# Assigned task:
Once you find the line in the listing below that contains "A stylish Pig", copy it and every following line exactly, stopping at the end.

# Source data:
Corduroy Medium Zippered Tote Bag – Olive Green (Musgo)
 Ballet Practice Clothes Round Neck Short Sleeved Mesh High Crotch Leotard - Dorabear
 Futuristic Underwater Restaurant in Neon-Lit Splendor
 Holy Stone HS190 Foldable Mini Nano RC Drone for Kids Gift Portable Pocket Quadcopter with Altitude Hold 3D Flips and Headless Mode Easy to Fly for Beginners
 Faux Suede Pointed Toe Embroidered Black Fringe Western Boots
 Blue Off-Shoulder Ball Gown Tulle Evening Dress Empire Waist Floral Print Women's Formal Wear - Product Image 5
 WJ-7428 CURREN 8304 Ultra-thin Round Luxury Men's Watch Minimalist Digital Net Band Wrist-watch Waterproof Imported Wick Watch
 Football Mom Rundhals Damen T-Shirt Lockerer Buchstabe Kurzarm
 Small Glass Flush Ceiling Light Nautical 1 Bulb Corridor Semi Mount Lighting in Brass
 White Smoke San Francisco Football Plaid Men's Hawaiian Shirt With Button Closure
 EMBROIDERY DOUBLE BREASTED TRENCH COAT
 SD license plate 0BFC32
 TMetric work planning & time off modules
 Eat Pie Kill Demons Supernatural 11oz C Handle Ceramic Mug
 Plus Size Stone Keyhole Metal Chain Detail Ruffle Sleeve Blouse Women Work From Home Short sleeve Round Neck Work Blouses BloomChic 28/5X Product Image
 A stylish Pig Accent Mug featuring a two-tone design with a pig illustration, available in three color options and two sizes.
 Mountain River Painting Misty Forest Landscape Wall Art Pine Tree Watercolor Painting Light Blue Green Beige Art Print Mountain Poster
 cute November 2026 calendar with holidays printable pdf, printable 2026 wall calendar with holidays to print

# Response area:
 A stylish Pig Accent Mug featuring a two-tone design with a pig illustration, available in three color options and two sizes.
 Mountain River Painting Misty Forest Landscape Wall Art Pine Tree Watercolor Painting Light Blue Green Beige Art Print Mountain Poster
 cute November 2026 calendar with holidays printable pdf, printable 2026 wall calendar with holidays to print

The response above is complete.